I like Sears. I've never read about them donating to gay rights groups or doing anything else objectionable. But I don't like their service. Awhile back, I bought an elliptical exercise machine from them. Constant problems for the first month. Those finally got fixed and it worked fine for over a year. Last month, one of the foot bars snapped in two, rendering it completely unusable.

We had the extended warranty, so they said they'd send out a tech . . . in 22 flippin' days! We didn't exactly have any options, so my wife asked the time. The scheduler said, "It'll be morning or afternoon. We'll call the day before and firm up." They called last night at 7:00 with an automated message that said the tech would be here between "8:00 a.m. and [slight pause for that computer voice] 5:00 p.m."
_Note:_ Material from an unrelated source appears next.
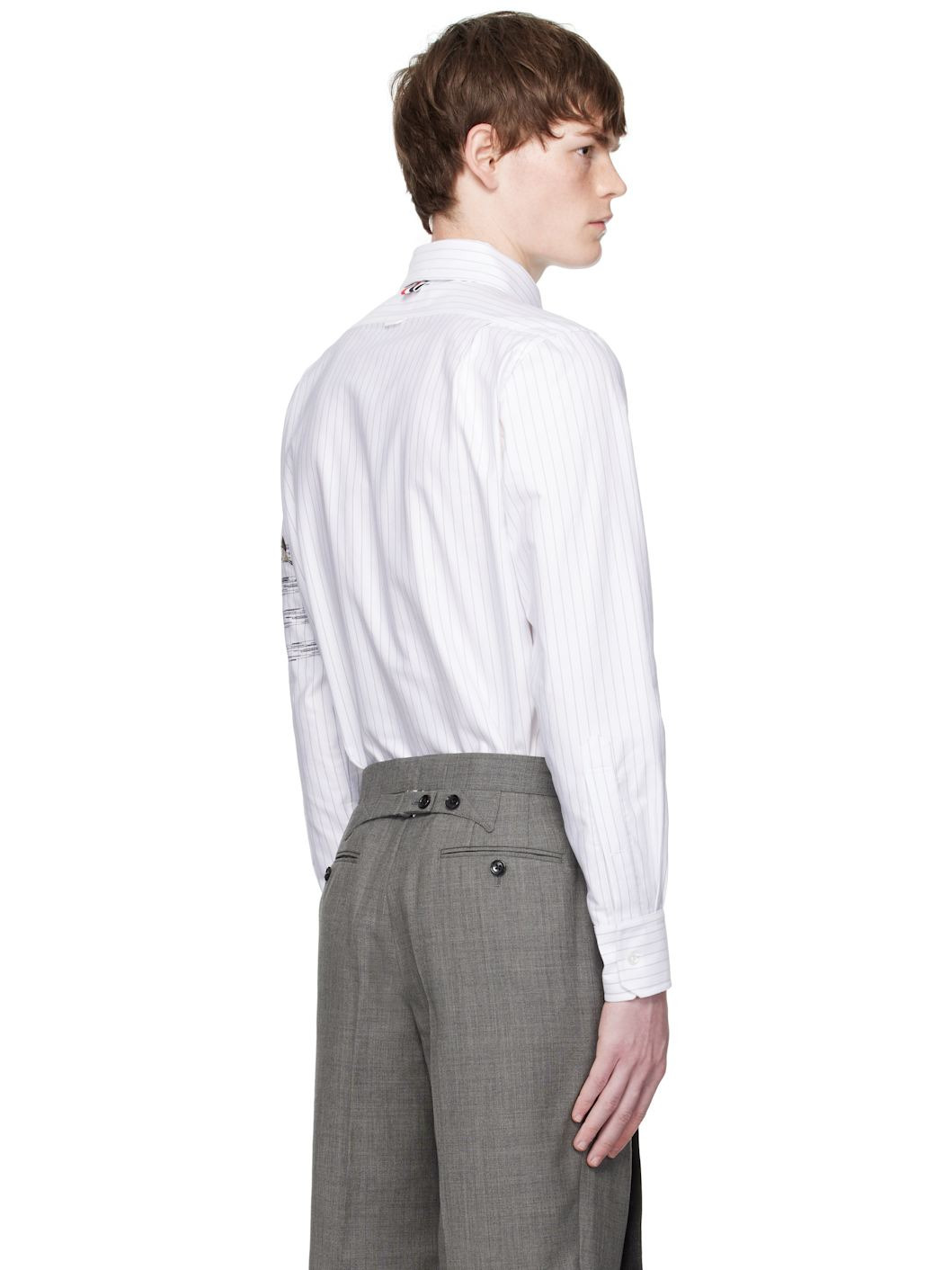 White Geese 4-Bar Pinstripe Oxford Shirt - 3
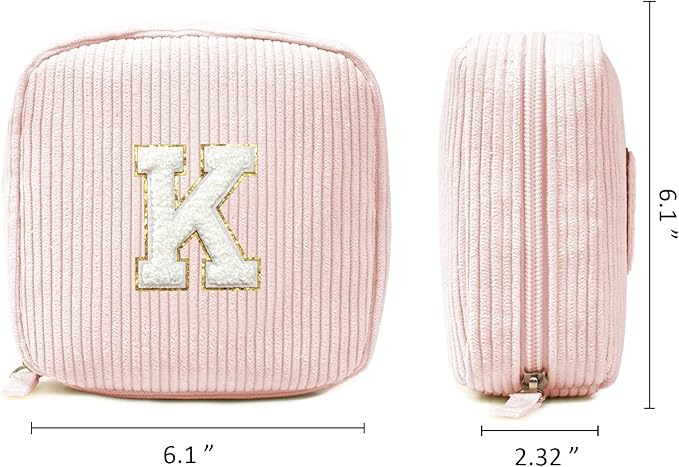 LETGO Birthday Gifts for Women Small Personalized Initial Monogram Makeup Bag,Preppy Corduroy Makeup Bags Travel Toiletry Bag Cute Pouch Purse for Her Mom Girlfriend Wife Sister Teacher Bridesmaid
Thanks for laser precision, fellas. Now my wife is stranded at the house all day, and I have to come back from work for part of the day because she needs to leave around lunch.

Sears, customer service ain't your name. (The smart money, incidentally, says he doesn't show up with the necessary parts or doesn't show up at all.)

I'm glad I have Sears to rant against. The Internet doesn't have any good fodder. Let's see: Courtney love says Prince Andrew came to her house to look for chicks. If this is surprising, the question is: What salubrious recreation would a person pursue at Ms. Love's? Cocaine? Fine conversation about Nirvana and Moksha? An Aleister Crowley seance? Jessica Simpson flubbed a song and started crying at the Kennedy Center. She is a mortal, even if her body isn't. Comedy Central has ordered "Lil' Bush: Resident of the United States," a cartoon satire that re-imagines President Bush and key executives in his administration as elementary school misfits. No word yet whether the MSM is concerned about the dignity of the office, which was of paramount concern during the Monica scandal ("We just don't want people showing disrespect to the office of President"). E-coli has struck a Taco Bell, triggering panic at college campuses and trailer parks across the nation. Evidence has surfaced that airport x-ray machines show a lot of skin and people are upset. I doubt they'll be a able to use less-invasive machines, though, without triggering the mandatory bargaining clause in the union workers' contract, since this is undoubtedly a great perk of the job. And perhaps the best story I found: Authorities say a man driving a float in the Anderson Christmas parade has been charged with drunk driving after he passed another float then sped down Main Street. That's a killer. All the guy had to do was drive straight at 3 mph, and he couldn't do it. I could do that with a 2.5 BAL. Then again, I'm normally not a moron (though regular readers of this blog may disagree).